Segment Open
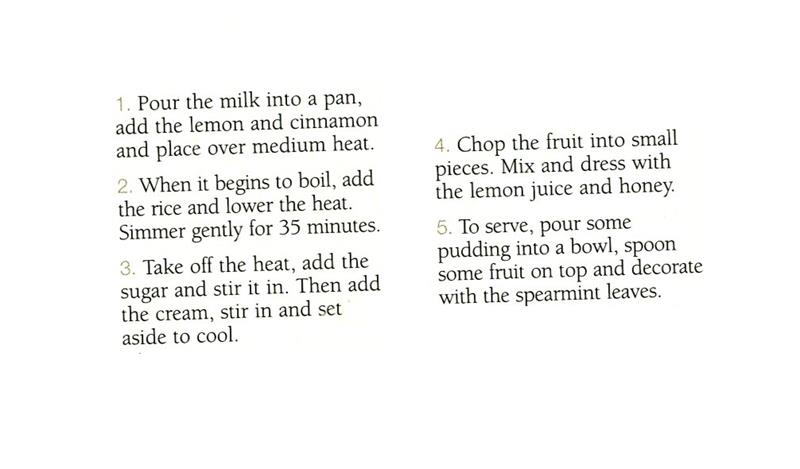 Scan 2 of 2 for Fruit 'Tartare' with Spanish Rice Pudding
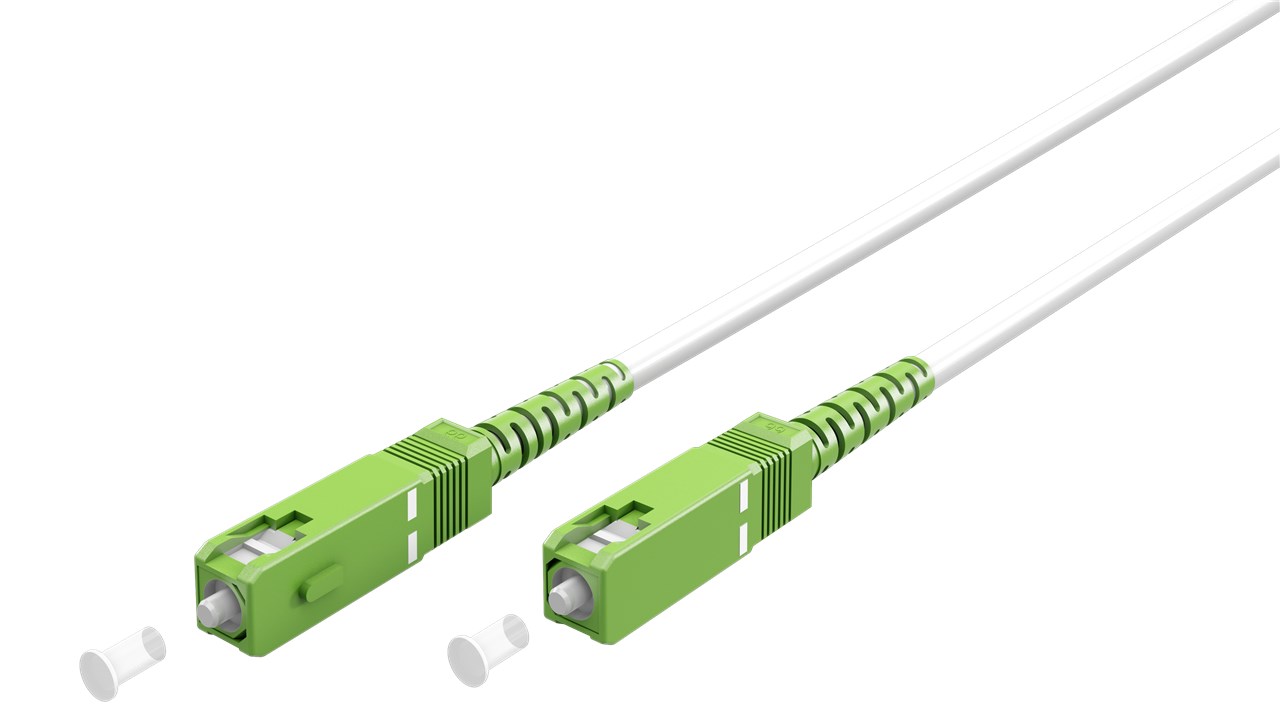 Fiberoptisk kabel (FTTH), Singlemode (OS2) White, vit (Simplex), 2 m
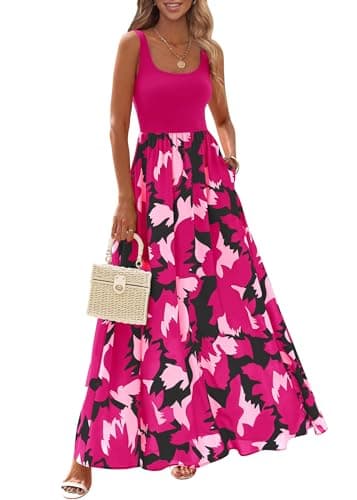 KIRUNDO Women Summer Sleeveless Boho Floral Maxi Dress 2026 Scoop Neck Tank A Line Flowy Beach Vacation Resort Wear Sundress(Rose Red, X-Large) - Image 1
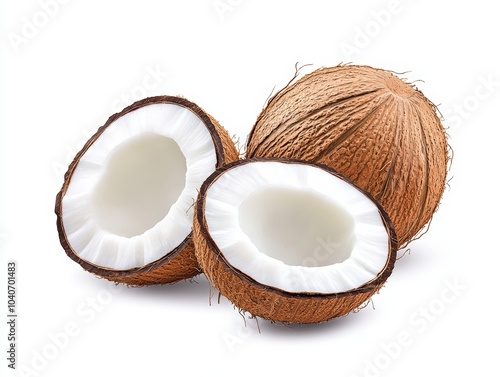 Whole and sliced coconut on a white isolated background.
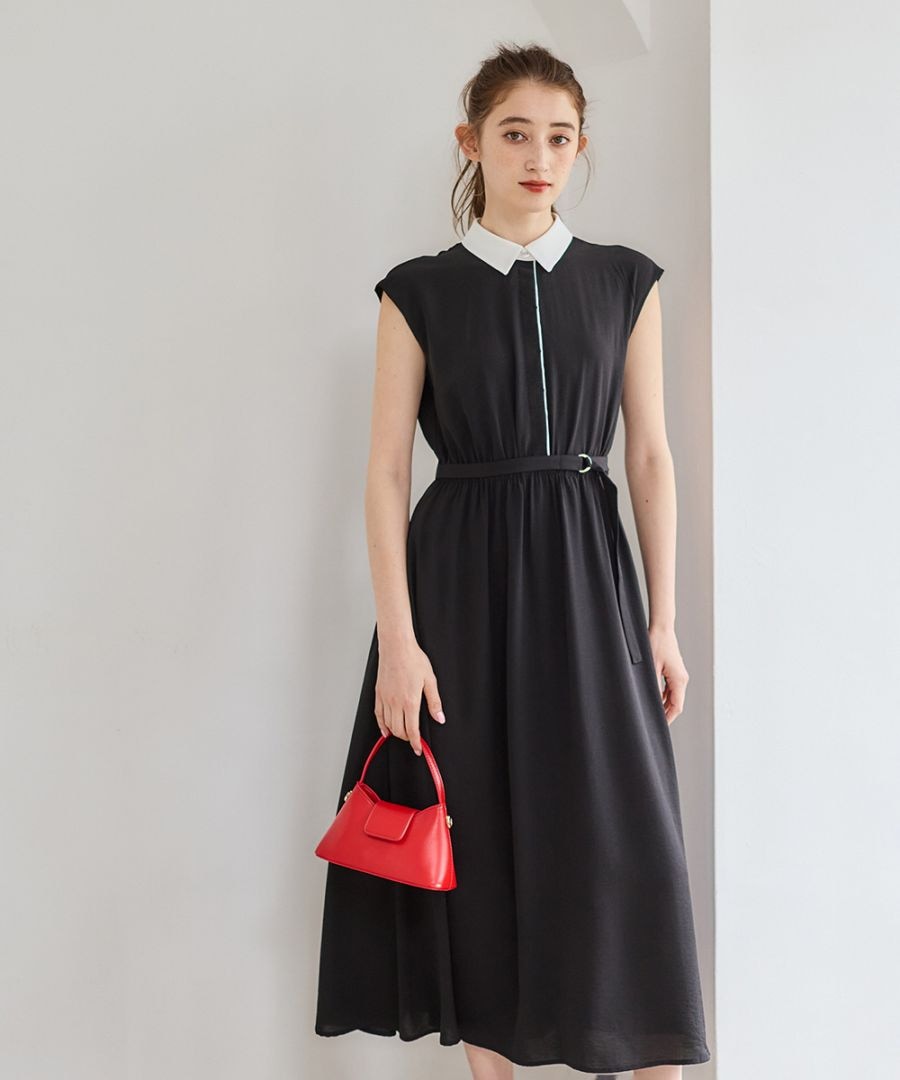 SALE】【接触冷感】クールタッチ配色シャツワンピース - 12Twelve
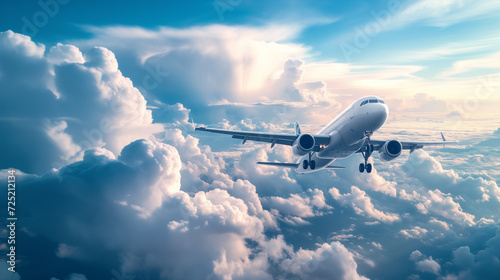 White passenger airplane flying in the sky amazing clouds in the background. 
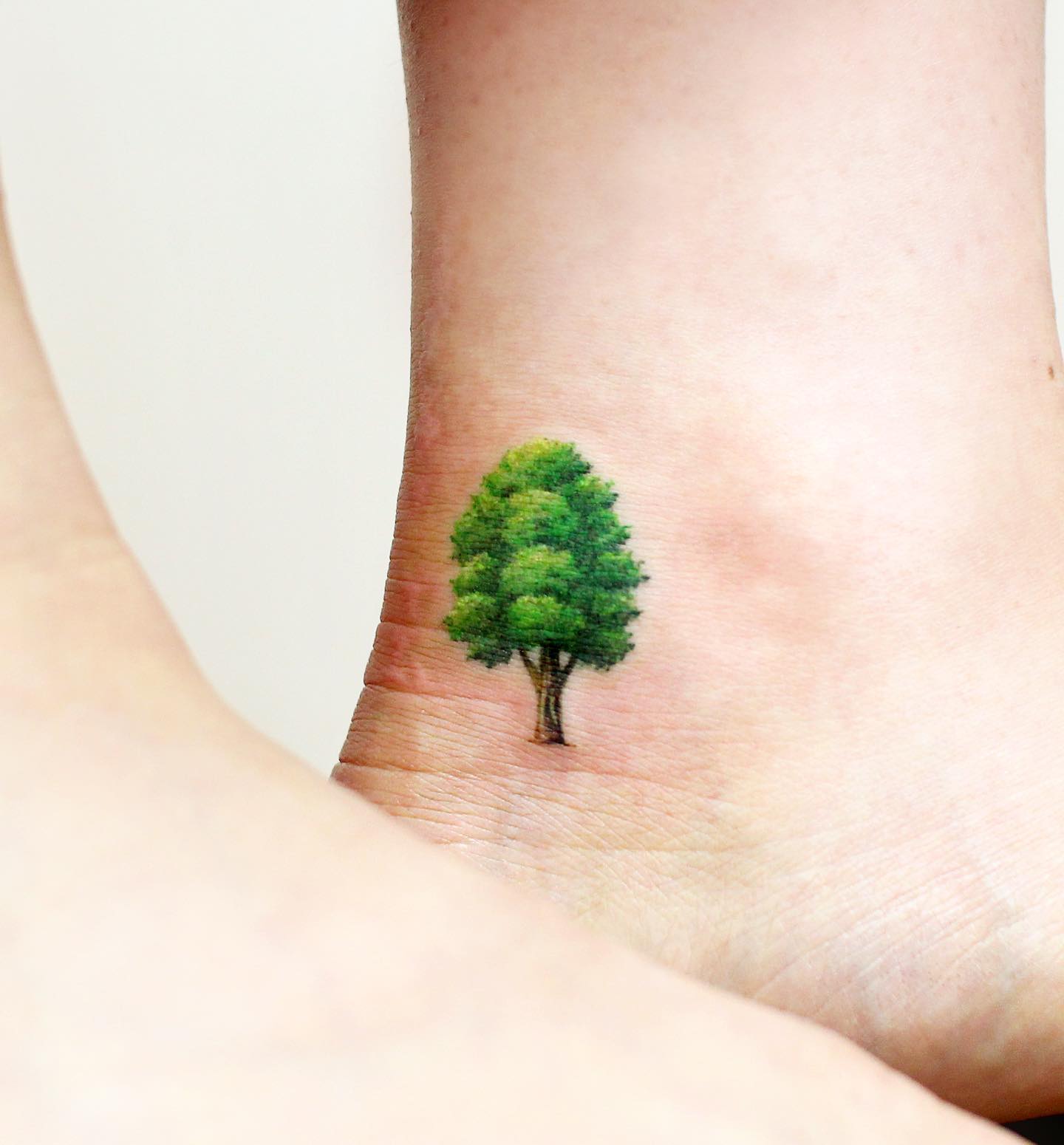 Bosque Verde Tatuaje de Tobillo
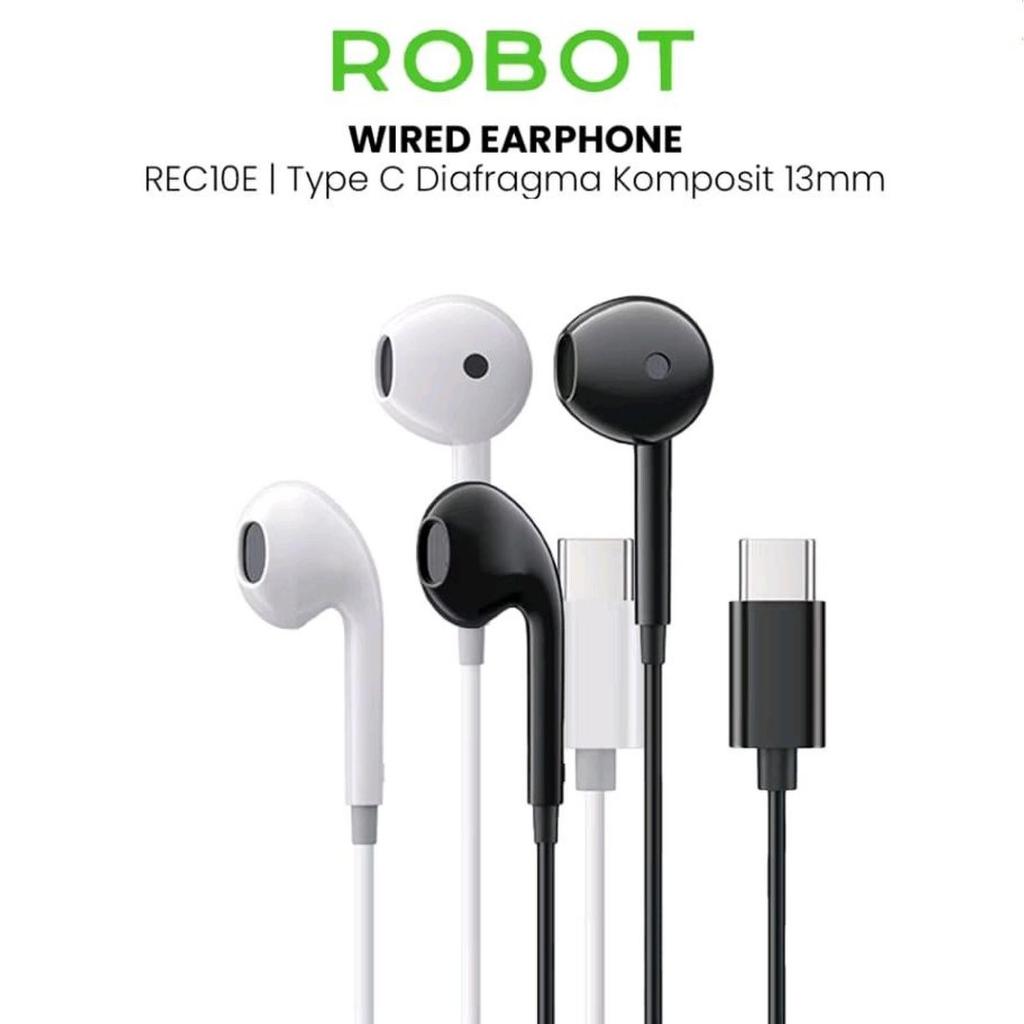 Robot REC10E USB-C Earphone Headset Earbuds Type C with Mic non Karet
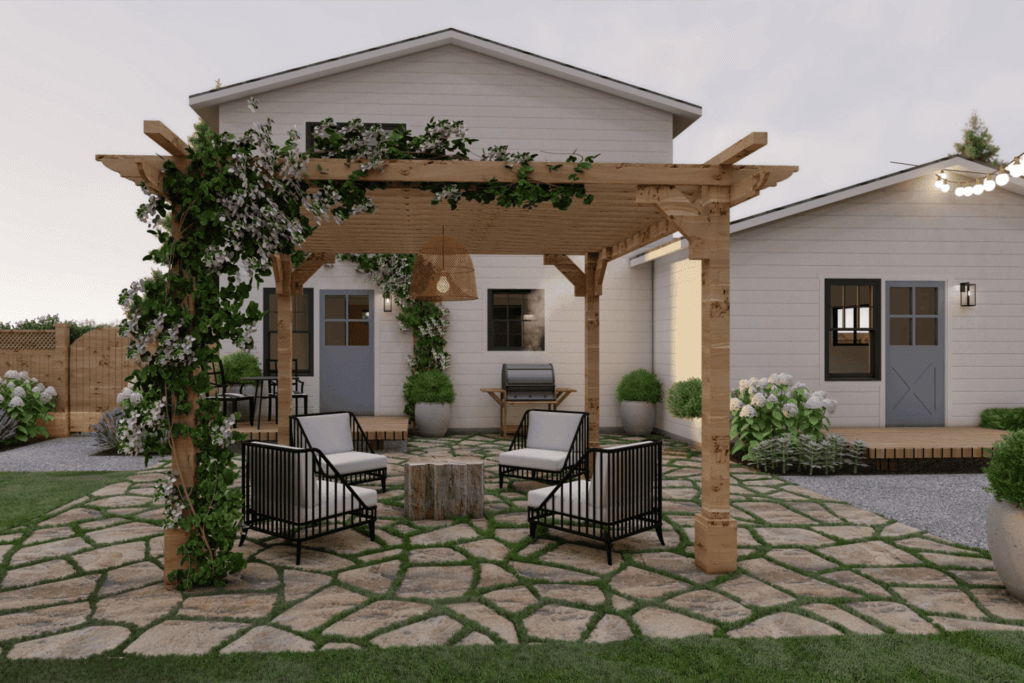Yardzen design render of backyard with pergola and seating area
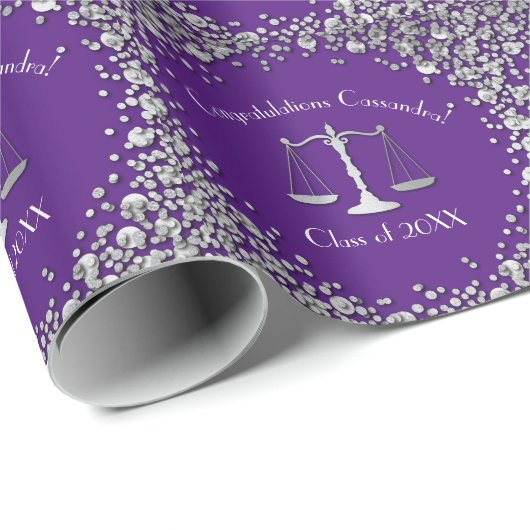Advocaat School Paars Silver Graduparty Cadeaupapier (Rol Hoek)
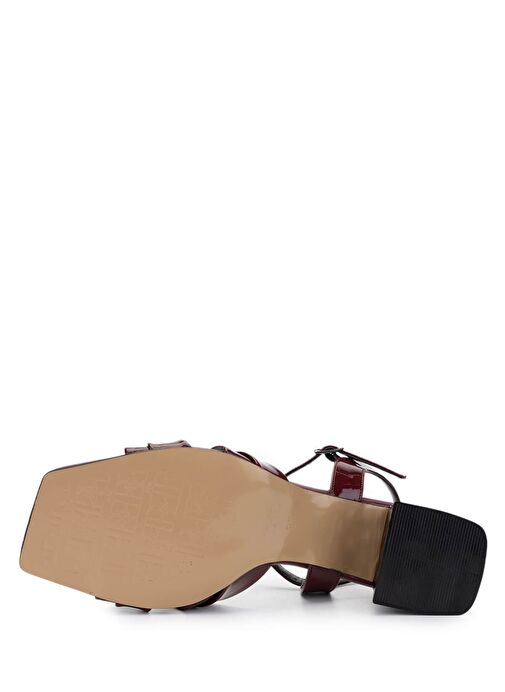 Tamer Tanca Kadın Suni Deri Bordo Rugan Topuklu Ayakkabı - Görsel 6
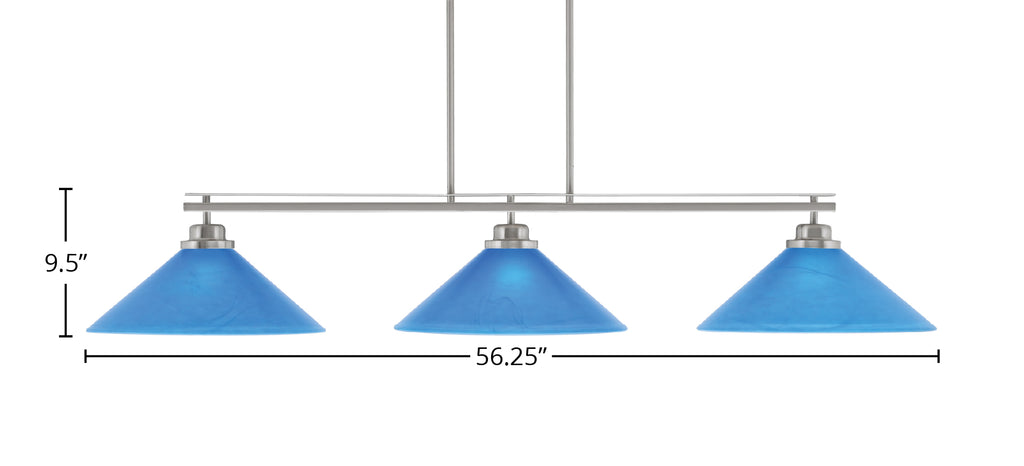 Odyssey Three Light Bar in Brushed Nickel with 16" Blue Italian Shade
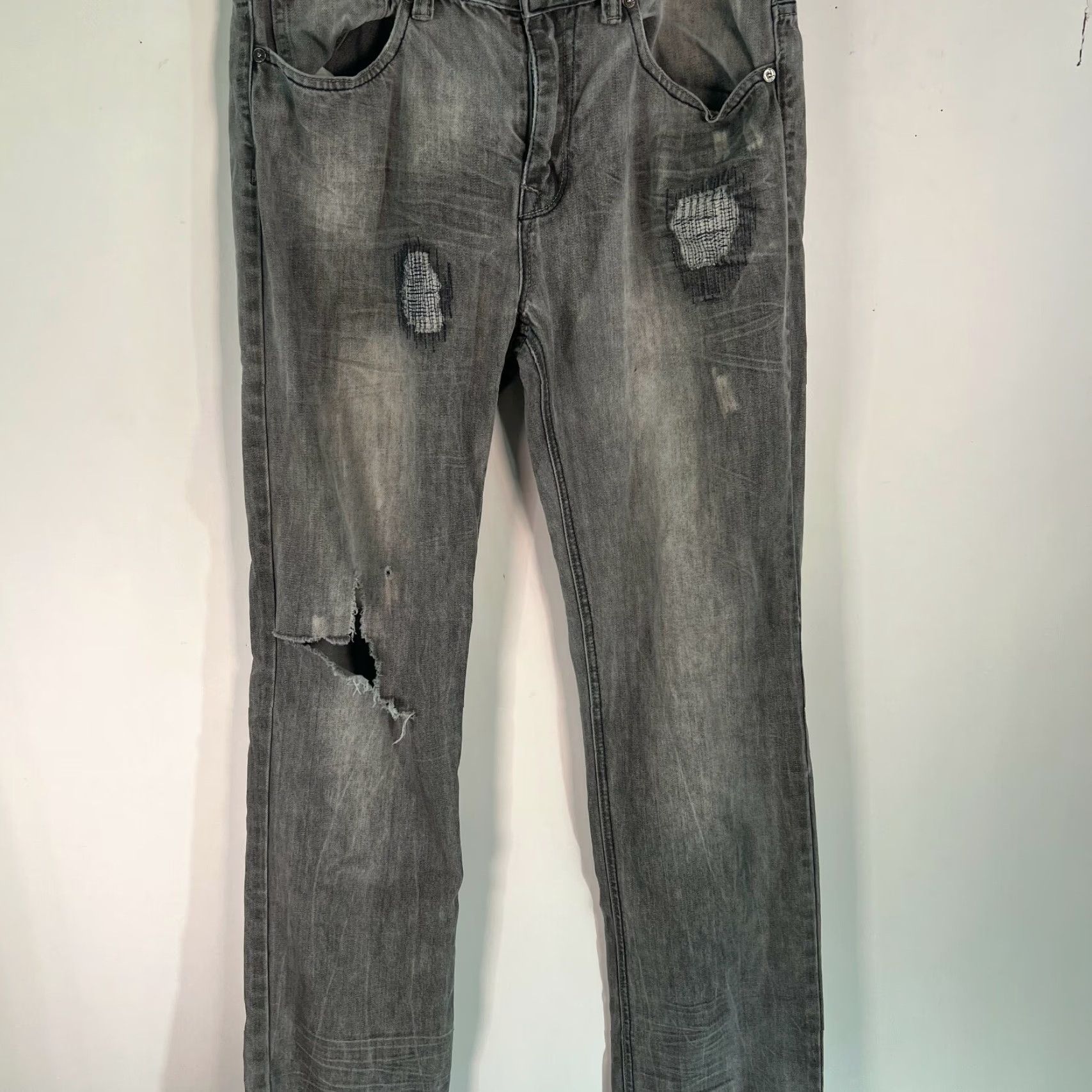 Denime Black Premium Mens Relaxed Fit Straight Distressed Gray Denim Jeans Size 32/34 - 5-Pocket Belt Loops Button Closure Denim Jeans Gray Mens Regular XS? Size US 34 / EU 50 - 2 Thumbnail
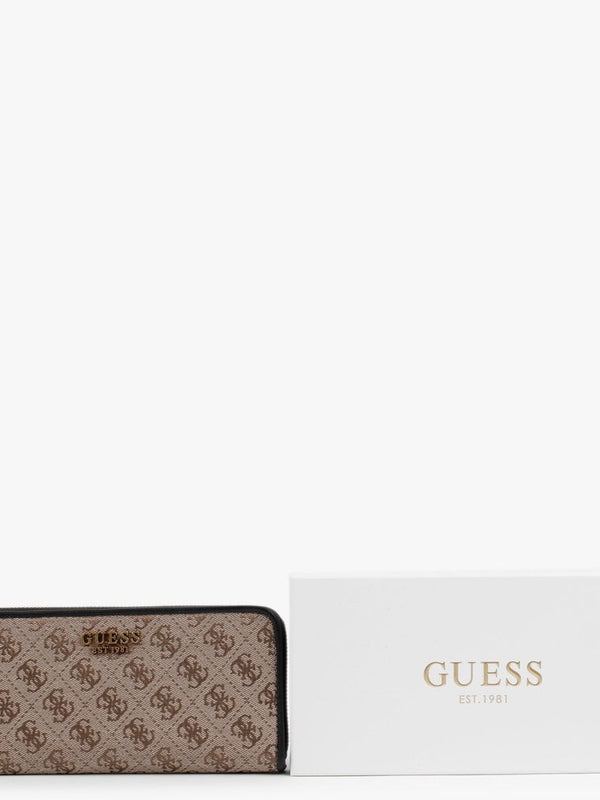 Aviana Latte & Black Logo Zip Around Wallet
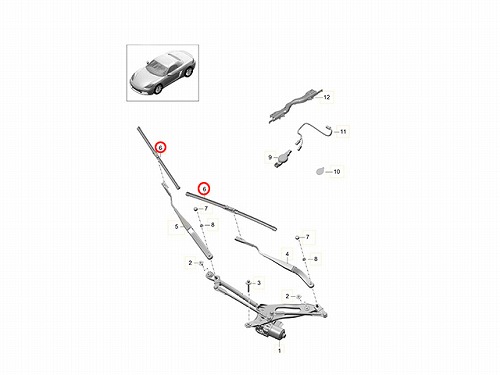 ワイパーブレード 左右セット フロント用 右ハンドル用 Porsche(ポルシェ) [99162890300]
Segment Closed
Reproduce the data word for word without its images.

 Scan 2 of 2 for Fruit 'Tartare' with Spanish Rice Pudding
 Fiberoptisk kabel (FTTH), Singlemode (OS2) White, vit (Simplex), 2 m
 KIRUNDO Women Summer Sleeveless Boho Floral Maxi Dress 2026 Scoop Neck Tank A Line Flowy Beach Vacation Resort Wear Sundress(Rose Red, X-Large) - Image 1
 Whole and sliced coconut on a white isolated background.
 SALE】【接触冷感】クールタッチ配色シャツワンピース - 12Twelve
 White passenger airplane flying in the sky amazing clouds in the background. 
 Bosque Verde Tatuaje de Tobillo
 Robot REC10E USB-C Earphone Headset Earbuds Type C with Mic non Karet
Yardzen design render of backyard with pergola and seating area
Advocaat School Paars Silver Graduparty Cadeaupapier (Rol Hoek)
 Tamer Tanca Kadın Suni Deri Bordo Rugan Topuklu Ayakkabı - Görsel 6
 Odyssey Three Light Bar in Brushed Nickel with 16" Blue Italian Shade
 Denime Black Premium Mens Relaxed Fit Straight Distressed Gray Denim Jeans Size 32/34 - 5-Pocket Belt Loops Button Closure Denim Jeans Gray Mens Regular XS? Size US 34 / EU 50 - 2 Thumbnail
 Aviana Latte & Black Logo Zip Around Wallet
 ワイパーブレード 左右セット フロント用 右ハンドル用 Porsche(ポルシェ) [99162890300]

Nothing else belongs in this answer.